This is the moment when adult Huhu Beetles emerge from their rotting logs. If you are nearby a forest (especially a pine forest) you will be familiar with the sharp collision noises on your kitchen window when preparing dinner. Those huhu beetles fly towards the light and crash audibly.
They’ve spent a few years as huhu grubs in dead wood, where they help with the decomposition – ashes to ashes, dust to dust!
The grubs, of course, are a famous New Zealand delicacy: massive bits of protein can be quickly fried in a pan with a bit of salt and pepper (or even other fancy condiments). Just be prepared to prick a few holes in the body of this massive grub so that you won’t get any exploding internal body segments! Happened to me – just look at my kitchen ceiling!
Some kids would be keen to help you out in the kitchen – it’s practical curricular topic to discuss the necessary search for alternative proteins in our country.

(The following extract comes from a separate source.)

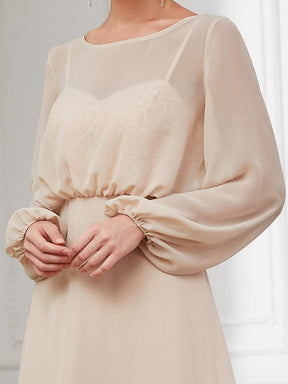 Sheer Peasant Long Sleeve Overlay Illusion Chiffon Evening Dress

Talking about alternative proteins: Slugs and Snails are a real pest in the garden at this time of the year – moisture and new plant growth encourages them, and eggshell barriers don’t work at all
Control measures that work:
Weed control will expose them to predators (thrushes). Give your local song thrush (which might be nesting in or near your garden) an “anvil” to smack the shells of snails on – a large flat (decorative!) rock is perfect.
Using Bait pellets in a pottle dug into soil. A take-away container with lid on and bait inside, with holes cut in the side of the container to let slugs and snails in but prevent dogs and cats from getting at the bait.
An alternative version is to use some off cuts (15-30 cm long) of plastic wastepipe with a diameter of 50 to 75mm, which allows access to slugs and snails, but not to birds. Put some bait in the pipes and anchor them down with a heavy brick. They also love to hide in half grapefruit skins (upside-down).
Encourage Carabid beetles (Ground beetles) – they often feed on slugs and snail juveniles and eggs.
“Hunt-and-kill evening” with the kids (at full moon?) – always a good excursion after dinner. Grab a headlight torch and a bucket to collect them in… night sleuthing! Remember: these hermaphrodites can produce a few hundred eggs each, so reducing populations now makes good sense.
Trapping under cloth, planks, and other artificial cover. Slugs and snails love that cover as it increases relative humidity and stops them from drying out.
Around the wooden outside of raised beds, put a strip of copper foil, almost all the way around, plus a sizeable 6 Volt battery providing power to both ends of the copper strip. This creates a nice current that they are reluctant to cross, and it protects your vegies/seedlings.
But... why not eat them?
In France, the brown garden snail (originally from North Africa) is the second-preferred species of escargot for human consumption.
Collect the fattest ones and eat them! That will make you an invasivore!
Cantareus aspersus is, to us, an exotic species of snail. It is commonly accepted that it was introduced to New Zealand by the French around the early 1860s. The reason for this is really simple: the brown garden snail is highly prized as escargot in the Mediterranean region. In fact, it has always been the preferred back-up for the slightly larger, but closely related vineyard snail (Helix pomatia).
Recently I read that European populations of Cantareus have become depleted as a result of non-sustainable over-harvesting of wild specimens. These days the species is the subject of heliciculture, the captive rearing of these delicacies, also known as snail farming.